In Rushmore, Max Fischer is ashamed of his father and so adopts Herman Blume as a sort of replacement. For his part, Blume has alienated his wife and twin sons. Fischer and Blume then compete ferociously for the love of Rosemary Cross.
In The Royal Tenenbaums, Royal attempts to win back the love of his family whose lives he’s ruined through neglect and staggering selfishness. The dysfunctions that have derailed his genius children’s lives are due to his abandonment.
The Darjeeling Limited sees three brothers struggling to come to grips with their lives after their father’s death and their mother’s bizarre choices. They each carry “baggage” from their father (literally, his luggage) on a frustrating journey of spiritual discovery.
Steve Zissou is the messed up father in my absolute favorite, The Life Aquatic with Steve Zissou. The main character’s pettiness, selfishness, and hunger for glory keep him from genuine connection with family and community.
The lack of mutual understanding between Mr. Fox and his son, Ash, drives the plot of the animated Fantastic Mr. Fox. Fox is so consumed by his self-destructive pursuits that he fails to appreciate his son, whom he labels as being “different.”
Why, then, the intense identification with these films?
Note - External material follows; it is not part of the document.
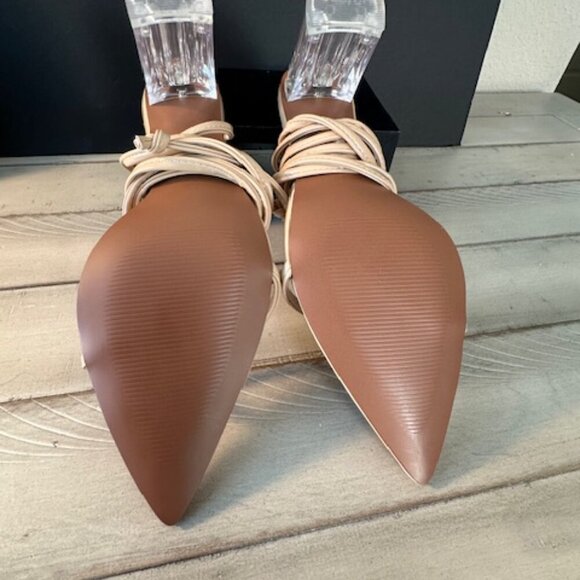 Smash Tabby Pointy Toe Heeled Sandals Wraparound Ankle Straps Nude NEW 11 NWT - Picture 8 of 8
What is odd is that, just as with Anderson himself, I have a great relationship with my dad. My father has been a mentor to me and a model for me in countless ways.
A few recent conversations with friends were helpful. I think I resonate with these films not because of any unexplored damage due to my upbringing, but from fear of my failure as a father.
My kids are now 16, 15, and 12 years of age. Things are getting more complicated. I felt super-competent as a father of babies and small children. I may have romanticized the past, but it just seemed easier back then. Fathering consisted of doing extremely goofy things to make the kids laugh, wrestling with them on the living-room floor, and body-slamming them on the couch. The major requirement was merely the stamina to do these things over and over until bed-time.
I feel anything but competent these days. When I consider the father figures in Anderson’s films, I see myself. Will my personal failings lead to my children’s inability to develop healthy relationships? Do they secretly long for me to truly understand them? Are they (gulp) embarrassed of me like Max Fischer so that they need to seek out a replacement?
Perhaps the most compelling aspect of these films is the sweet redemption that concludes each of them. Redemption is not found in any dramatic achievement, but in the most mundane of ways—the characters learn to receive one another as gifts.
The scene that always chokes me up is the conclusion to The Royal Tenenbaums. Royal saves Chaz’s sons from the car crash that kills their dog, Buckley. The crash, along with Royal’s quick-thinking heroism, startles Chaz and pulls him out of his anger. He finally receives a gift from his father and is able, in turn, to share himself with Royal. For the first time in the film, Royal is speechless.
I find this so beautifully and wonderfully hopeful for family relationships. We can’t fix each other, but we can discover how we are all deep reservoirs of richness as people. Learning to receive one another as gifts is the way of redemption.
And a good soundtrack.
5 thoughts on “Wes Anderson, Fear, and Fathers Day”
Reading this post was a great start to my Father’s Day. I am also awestruck at the layered dimensions of fatherhood presented in Anderson films. I remember watching The Life Aquatic with my father and one scene really hit me. Steve Zissou made a comment about why he never wanted to be a father–ironic on its own terms since he “shoots blanks”–“Because I hate fathers and I never wanted to be one.” My dad sighed deeply at that line. My dad’s father was an alcoholic who ran a lucrative business into the ground and drove my father and his sister into an orphanage. The sheer potentiality of what a father is capable of comes through so well in Anderson’s films. Something Eugene Peterson wrote stuck with me (in “Like Dew Your Youth”–excellent BTW). Referring to the tumultuous teen years, he says that adolescents are “…God’s gift to parents who are in danger of being arrested in their own growth.” I think Anderson’s films are perfect proverbs for today–warnings to fathers about their struggles with control and pride, usually about the time they think they’ve figured out this world.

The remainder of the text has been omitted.